Bob Dylan – Tempest
Jeff knows I’m not a Dylan person, but anyone with a basic working knowledge of rock music is familiar with some aspect of his career and impact. It’s been years since I cared enough to listen to one of his albums in its entirety because the man responsible for expanding rock’s vocabulary with topical introspection has mumbled through wheezy Americana torture ballads much of the past couple of decades.
The first four tracks of Tempest don’t do all that much to sway that. “Duquesne Whistle” is in dire need of a Van Dyke Parks arrangement with its tin pan calliope content. Though some might hear the low rumble of a drawbridge in the distance of “Soon After Midnight” as a segue from Midwest Everly Brothers beginnings to Dylan’s own earmarked influence on country-folk, there’s no dynamic beyond his two-dimensional delivery pattern. At this point – track three, “Narrow Way” – the lines become blurred to where his voice sounds better than it has in years and there exists an inkling of the old revelatory cynicism before “Long and Wasted Years” comes across like a housewives’ novelty record on an LP by The Hombres!
Cut number five changes everything. “Pay in Blood” has that old Dylan scent and Studs Terkel work ethic displayed in its abrasive lyrics: “…legs and arms and body and bone/ I’ll pay in blood, but not my own… I’ll drink my fill and sleep alone/ I’ll pay in blood, but not my own.” Religious, elusive and burly, these are some of his most abrasive lyrics since Blonde on Blonde.
But perhaps the song that does it best for me is “Scarlet Town,” with its alluded-to fear of his Midwestern roots coming across like a hobo campfire recollection that’s come full circle from the bucolic monotony of being “stuck inside of Mobile.” “In Scarlet Town you fight your father’s foes/ Up on the hill, a chill wind blows.” There’s a hint of Thornton Wilder as the poetic balladeer confesses, “In Scarlet Town, the skies are clear/ You wished to God that you stayed right here…”
“Early Roman Kings” talks of bowties and tails coming from the hills and cornfields, and could be said to pay honor to guys like Blind Lemon Jefferson and other inaugural bluesmen who influenced Woody Guthrie and ultimately laid the groundwork for Dylan. “Tin Angel” has apocalyptic western roundup inflections over a “Frankie & Johnny” confrontation between a prostitute and what she refers to as “a gutless ape with a worthless mind.” It’s that type of narrowing narrative that Dylan pulled from folk traditions early on.
“Tempest” is the 13-minute title track retelling of the sinking of the Titanic, and who besides Dylan would even attempt such a thing at this point much less add perspective to the event? He ties this peanut gallery opus to Book of Revelations metaphors without so much as a sweat just to show he still can.

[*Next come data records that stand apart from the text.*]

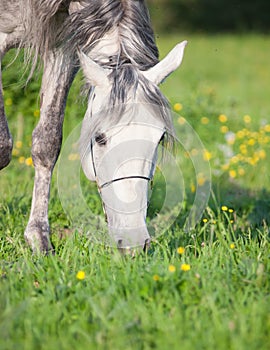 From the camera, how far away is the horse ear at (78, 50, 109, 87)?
11.4 ft

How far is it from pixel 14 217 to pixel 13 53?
1060 millimetres

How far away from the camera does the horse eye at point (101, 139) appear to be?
11.3 feet

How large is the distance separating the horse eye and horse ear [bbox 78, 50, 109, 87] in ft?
0.86

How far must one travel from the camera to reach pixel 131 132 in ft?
11.0

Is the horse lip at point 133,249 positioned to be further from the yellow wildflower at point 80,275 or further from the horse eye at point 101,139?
the horse eye at point 101,139

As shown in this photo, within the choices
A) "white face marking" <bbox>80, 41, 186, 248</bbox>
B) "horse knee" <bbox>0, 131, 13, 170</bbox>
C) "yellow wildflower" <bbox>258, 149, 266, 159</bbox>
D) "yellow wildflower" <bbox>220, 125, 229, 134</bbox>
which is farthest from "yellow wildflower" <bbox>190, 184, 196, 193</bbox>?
"white face marking" <bbox>80, 41, 186, 248</bbox>

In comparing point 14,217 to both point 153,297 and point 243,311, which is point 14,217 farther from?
point 243,311

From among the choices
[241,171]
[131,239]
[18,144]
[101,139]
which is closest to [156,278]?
[131,239]

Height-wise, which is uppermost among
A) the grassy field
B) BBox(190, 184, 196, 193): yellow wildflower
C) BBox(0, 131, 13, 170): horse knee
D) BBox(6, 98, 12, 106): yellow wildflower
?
BBox(6, 98, 12, 106): yellow wildflower

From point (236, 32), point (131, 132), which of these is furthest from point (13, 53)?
point (236, 32)

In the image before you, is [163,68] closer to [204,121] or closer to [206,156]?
[206,156]

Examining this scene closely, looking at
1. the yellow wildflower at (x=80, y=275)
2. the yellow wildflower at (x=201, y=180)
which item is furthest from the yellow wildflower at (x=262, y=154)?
the yellow wildflower at (x=80, y=275)

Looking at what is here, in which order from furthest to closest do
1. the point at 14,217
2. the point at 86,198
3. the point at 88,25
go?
the point at 86,198 → the point at 14,217 → the point at 88,25

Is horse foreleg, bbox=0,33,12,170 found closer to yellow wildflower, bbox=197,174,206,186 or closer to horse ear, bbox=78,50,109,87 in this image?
horse ear, bbox=78,50,109,87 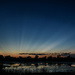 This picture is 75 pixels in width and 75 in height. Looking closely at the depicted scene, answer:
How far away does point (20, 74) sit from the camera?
74.7 feet

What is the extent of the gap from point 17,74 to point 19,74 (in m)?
0.46

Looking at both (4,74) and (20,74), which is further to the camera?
(20,74)

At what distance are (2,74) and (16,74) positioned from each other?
2.76m

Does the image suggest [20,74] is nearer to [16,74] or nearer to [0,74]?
[16,74]

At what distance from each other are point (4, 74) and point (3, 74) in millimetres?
280

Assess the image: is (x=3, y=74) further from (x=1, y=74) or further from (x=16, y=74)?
(x=16, y=74)

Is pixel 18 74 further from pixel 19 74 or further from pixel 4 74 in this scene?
pixel 4 74

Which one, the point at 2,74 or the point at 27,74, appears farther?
the point at 27,74

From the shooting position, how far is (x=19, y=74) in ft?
75.0

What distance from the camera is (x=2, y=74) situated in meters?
21.5

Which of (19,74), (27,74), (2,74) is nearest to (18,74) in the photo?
(19,74)

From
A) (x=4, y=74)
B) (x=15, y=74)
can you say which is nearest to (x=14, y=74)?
(x=15, y=74)

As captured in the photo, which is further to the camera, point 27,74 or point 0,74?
point 27,74

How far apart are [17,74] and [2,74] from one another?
2.97 metres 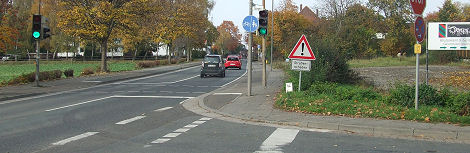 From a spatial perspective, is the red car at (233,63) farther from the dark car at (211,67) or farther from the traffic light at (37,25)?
the traffic light at (37,25)

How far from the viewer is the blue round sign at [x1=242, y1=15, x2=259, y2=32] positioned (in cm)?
1512

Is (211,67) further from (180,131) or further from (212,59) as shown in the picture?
(180,131)

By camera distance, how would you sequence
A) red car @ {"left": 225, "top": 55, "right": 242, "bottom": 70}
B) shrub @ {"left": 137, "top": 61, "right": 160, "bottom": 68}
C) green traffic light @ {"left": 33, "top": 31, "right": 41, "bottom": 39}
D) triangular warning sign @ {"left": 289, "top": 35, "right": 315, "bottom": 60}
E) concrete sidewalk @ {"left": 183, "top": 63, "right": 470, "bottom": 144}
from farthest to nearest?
red car @ {"left": 225, "top": 55, "right": 242, "bottom": 70} → shrub @ {"left": 137, "top": 61, "right": 160, "bottom": 68} → green traffic light @ {"left": 33, "top": 31, "right": 41, "bottom": 39} → triangular warning sign @ {"left": 289, "top": 35, "right": 315, "bottom": 60} → concrete sidewalk @ {"left": 183, "top": 63, "right": 470, "bottom": 144}

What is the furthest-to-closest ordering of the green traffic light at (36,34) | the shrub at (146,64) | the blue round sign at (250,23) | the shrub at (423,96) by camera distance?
1. the shrub at (146,64)
2. the green traffic light at (36,34)
3. the blue round sign at (250,23)
4. the shrub at (423,96)

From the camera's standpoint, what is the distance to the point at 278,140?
7.99 m

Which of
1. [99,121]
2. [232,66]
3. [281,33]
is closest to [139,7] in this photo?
[232,66]

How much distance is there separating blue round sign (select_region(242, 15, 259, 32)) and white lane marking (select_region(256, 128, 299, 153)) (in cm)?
652

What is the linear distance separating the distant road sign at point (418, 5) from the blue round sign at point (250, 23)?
615cm

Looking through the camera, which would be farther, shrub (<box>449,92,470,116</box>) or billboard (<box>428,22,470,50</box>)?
billboard (<box>428,22,470,50</box>)

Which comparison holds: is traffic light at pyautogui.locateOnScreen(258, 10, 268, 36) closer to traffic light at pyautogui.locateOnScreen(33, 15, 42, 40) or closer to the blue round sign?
the blue round sign

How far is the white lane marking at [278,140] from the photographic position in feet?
23.8

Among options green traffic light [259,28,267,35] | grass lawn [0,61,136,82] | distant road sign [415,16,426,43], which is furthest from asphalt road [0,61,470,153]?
grass lawn [0,61,136,82]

The final track is “Roll On John,” which is obvious with lyrics declaring “I heard the news today, oh boy!” and “Slow down, you’re moving much too fast.”
As a rehearsal for retirement, Tempest is his fond remembrance of being able to pack readin’, writin’ and rhythm by the bootstraps and deliver them as the mouthpiece of a generation. He may not be able to go home again, but he doesn’t have to since his contribution resonates through the decades. But Bob Dylan has always been a 50/50 artist. Half prankster, half philosopher. The electric and the acoustic. The idiot wind and shelter from the storm.
Tempest succeeds tremendously in furthering the enigma.